Interview de Fabien Vehlmann, à propos du Dieu-fauve

Découvrez les coulisses de la bande dessinée Le Dieu fauve, parue aux éditions Dargaud, en lisant l'interview de son scénariste, Fabien Vehlmann.
Vous avez actuellement deux actualités : La Cuisine des ogres, parue en mars 2024 chez Rue de Sèvres, avec Jean-Baptiste Andréae au dessin, et Le Dieu-fauve, paru en avril 2024 chez Dargaud, avec Roger Ibáñez Ugena au dessin. Nous sommes dans deux univers totalement différents. L'écriture de ces deux scénarios s'est-elle déroulée au même moment, en chassé-croisé ?
Pas totalement, car l'une et l'autre ont nécessité des temps de production différents : deux ans pour La Cuisine des ogres, près de près ans pour Le Dieu-fauve. Mais d'une manière générale, en tant que scénariste, il est tout de même fréquent que je travaille sur plusieurs projets en parallèle. J'essaye alors de favoriser un projet principal, sur lequel je bosse en priorité toutes les matinées pendant au moins deux/trois semaines d'affilée – tandis que j'avance plus doucement sur mes autres idées l'après-midi.
Quel a été le point de départ du scénario du Dieu-fauve ?
D'abord, un goût très ancien et très prononcé pour ce genre qu'on appelle l'heroic fantasy, découvert ado quand je lisais Conan le Cimérien et autres romans de Howard ou La quête de l'Oiseau du Temps, de Loisel et Letendre. Et quand j'ai découvert que Roger Ibanez était d'accord pour tenter l'aventure dans cette direction, j'ai réfléchi à un thème qui pouvait coller avec ce type d'univers. L'idée du Déluge et de la fin d'une civilisation s'est alors imposée à moi, car le sujet possède des résonances assez évidentes – selon moi – avec notre propre époque et les crises auxquelles nous sommes (et serons) confrontés.

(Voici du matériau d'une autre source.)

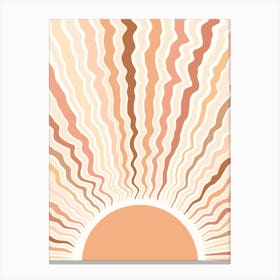 Abstract Sun Canvas Print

Le récit du Dieu-fauve est une tragédie en cinq actes. Le lecteur amateur de tragédie classique y retrouvera de nombreux points communs. Était-ce une volonté de votre part, dès le début, de partir sur un récit pathétique et épique ?
J'avoue que j'ai vraiment pensé Le Dieu-fauve comme à une pièce de théâtre, avec un côté très shakespearien, très tragique, une approche presque lyrique qui pourrait faire penser à un opéra. On peut aimer ou au contraire détester ce type d'emphase, c'est vraiment une question de goût personnel des lecteurs et des lectrices : pour ma part, je n'en use qu'avec parcimonie, mais ici, ce ton me semblait parfaitement coller avec le propos quasi biblique de ce récit « antédiluvien » !

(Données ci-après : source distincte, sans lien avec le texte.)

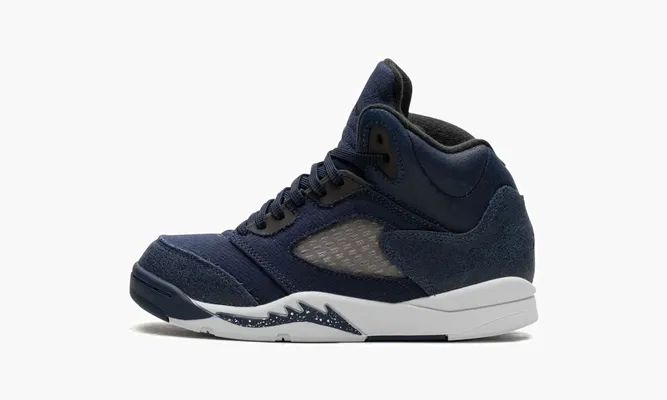 Для самых маленьких Air Jordan 5 PS «Midnight Navy» синий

Quel message principal avez-vous voulu faire passer dans ce roman graphique ? Est-ce une manière de montrer que la violence appelle la violence ?

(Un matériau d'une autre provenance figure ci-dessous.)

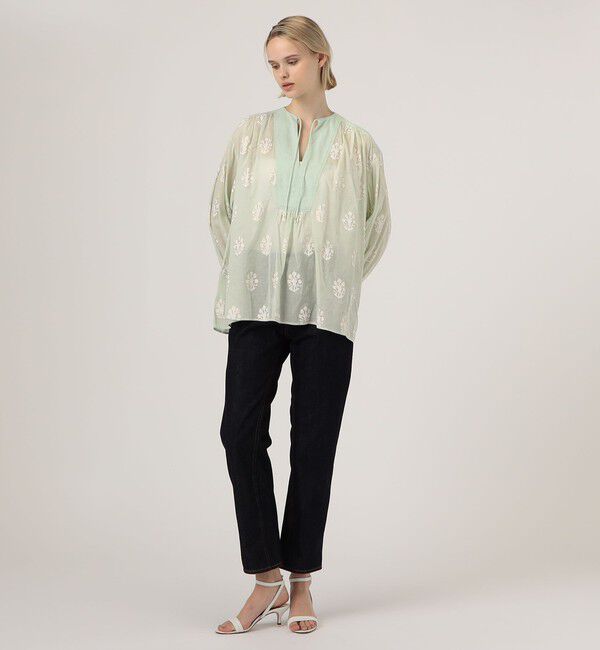 TOMORROWLAND BUYING WEAR「ne Quittez pas COTTON VOILE SEDUM ブラウス」|シャツ・ブラウス|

La violence est en tous cas le thème central de cet album : celle, amorale, qu’on voit partout dans la Nature, entre les animaux, leurs proies et leurs prédateurs, mais aussi la violence humaine, envers le reste du Vivant mais aussi des dominants sur leurs inféodés — et ce de toutes les manières possibles (violence physique, militaire, politique, morale, culturelle…). Cette question de savoir s’il existe éventuellement une violence « juste » me hante depuis l’enfance, probablement parce que mon père était militaire.
Vous utilisez la personnification, avec Sans-Voix, pour faire passer votre message. Est-ce plus facile de toucher les lecteurs en ayant recours à ce procédé ?
Je n'ai pas totalement conscientisé ce choix, mais il m'est vite apparu évident que je voulais privilégier cette perspective animale au début et à la fin de ce récit choral. Probablement parce que l'animal est actuellement sur la marche la plus basse de la structure pyramidale qu'impose la civilisation humaine sur le reste de son environnement. Or, en termes de dramaturgie, on sait depuis bien longtemps que l'empathie du public va souvent vers le plus faible, et je tenais à ce que l'émotion soit centrale dans cette histoire.
Comment avez-vous travaillé le scénario ?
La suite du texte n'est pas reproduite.